Over the past three years, AI-related college majors have surged from 116 to 310. The United States Department of Education released $169 million to support AI teaching, as it is viewed as an indispensable skill for students of this generation. To boost the school’s engineering and computer science programs, Masters completed the construction of the Innovation and Entrepreneurship Center (IEC) in 2023. But as institutions expand investment in AI programs, resources and endowments for the humanities have correspondingly declined.
On April 3, Syracuse University halted 93 of the 460 academic programs, including majors like classical civilization, classics, German, Italian, Middle Eastern studies and Modern Jewish studies. A Syracuse spokesperson explained this adjustment to their program as making it more “practical” and “career-driven.”
Indeed, as technology industries continue to flourish, majoring in STEM seems to translate into a high-paying job. The New York Fed’s 2024 report consistently ranks engineering disciplines at the top for median salaries among workers aged 22 to 27. Growing concerns over the utility of humanities majors hinder many students and families from choosing it.
However, as technology advances, this assumption becomes increasingly misleading. Bill Winter, former CEO of JPMorgan’s investment bank, recently said technical skills are increasingly easy to outsource and automate. Adaptable “soft skills” traditionally associated with the humanities are growing more valuable.
Courtney DeLong ‘17, a Masters alumna who studied Folklore & Mythology at Harvard University, experiences this shift firsthand. “Many people my age were told that if you learned to code, you would always have a job, but now that is not really true,” she said.
For DeLong, those skills prove essential in her career. “My major taught me how to communicate complex topics clearly, such as explaining complicated policies in ways that different audiences could understand,” DeLong said. “It also taught me to think laterally and consider qualitative cultural impacts that may not appear in cost-benefit analysis,”
DeLong also pushed back on the stereotype that the humanities and STEM fields are inherently opposed. In fact, many studies are interdisciplinary. DeLong taught herself coding for her folklore project. “I ended up explaining the structure to my CS friends,” she said, “And they were all like, ‘Maybe the major was less silly than we thought.’”
The value of a humanities education goes beyond its occupational utility. For some students, it lies in creative exploration. For DeLong, the values come from the conversation it fosters. Reflecting on her research, which included months of oral history interviews in Louisiana, she said, “Much of what I learned came from those conversations, which could not have been gathered by scraping internet sources.” She added, “Academic work that centers people and expands historical archives is extremely important and cannot be done without human interaction.” Experience like this, while it may not serve students well in their first job out of college, will cultivate values that serve them well throughout their professional and personal lives.
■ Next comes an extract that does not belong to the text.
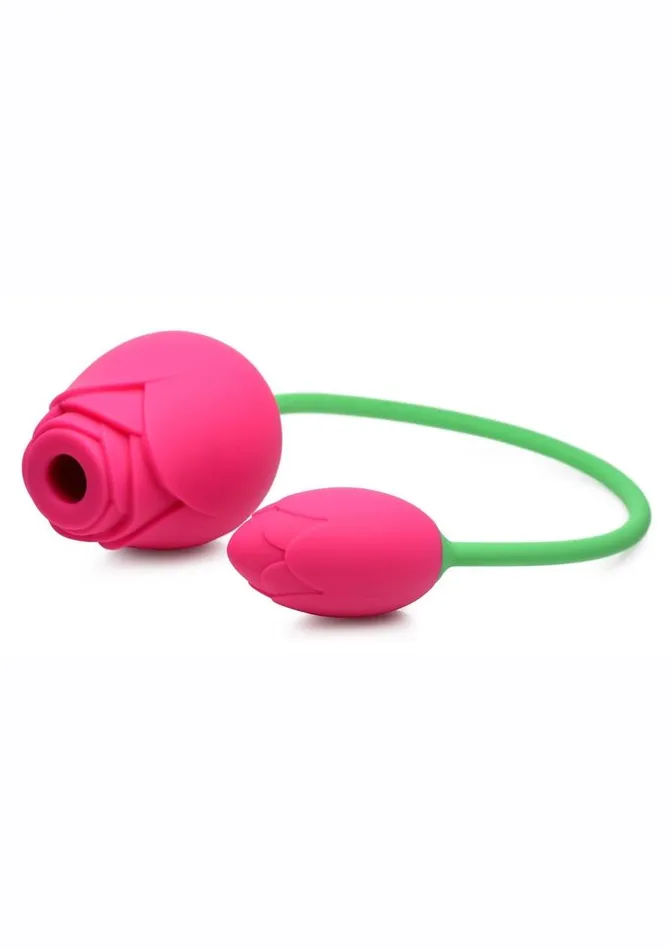 Bloomgasm Inmi Bloomgasm Rose Duet 15x Silicone Rechargeable Vibrating and Sucking Clit Stimulator Male Sex Toys Bloomgasm Inmi Bloomgasm Rose Duet 15x Silicone Rechargeable Vibrating and Sucking Clit Stimulator Male Sex Toys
For others like me, the core of humanities may be the freedom to think independently, without relying on external authority. At a time when artificial intelligence percolates every aspect of our lives, it has become a source of unquestioned authority for many who believe in its absolute correctness and accuracy. However, artificial intelligence is more imitative than it may appear. As AIs are often trained indiscriminately by vast bodies of existing writing, including those that contain past racial or gender prejudice, they naturally inherit these biases. This can be concerning as AI is often used in employment and policing. For this reason, AI should not be mistaken for a source of authority.
Enlightenment thinker Immanuel Kant defines education as cultivating the courage to “use one’s own understanding” to avoid passively relying on external authority. His idea explains why humanities education remains essential today. It should encourage trusting our own reasoning rather than outsourcing our judgment to a line of biased data.
Of course, no one should dismiss the importance of STEM fields and research. These areas drove essential developments in our societies and will continue to do so. But as schools expand technical training, they should not treat the humanities as expendable. One can hardly become proficient in any profession without a solid grounding in critical thinking.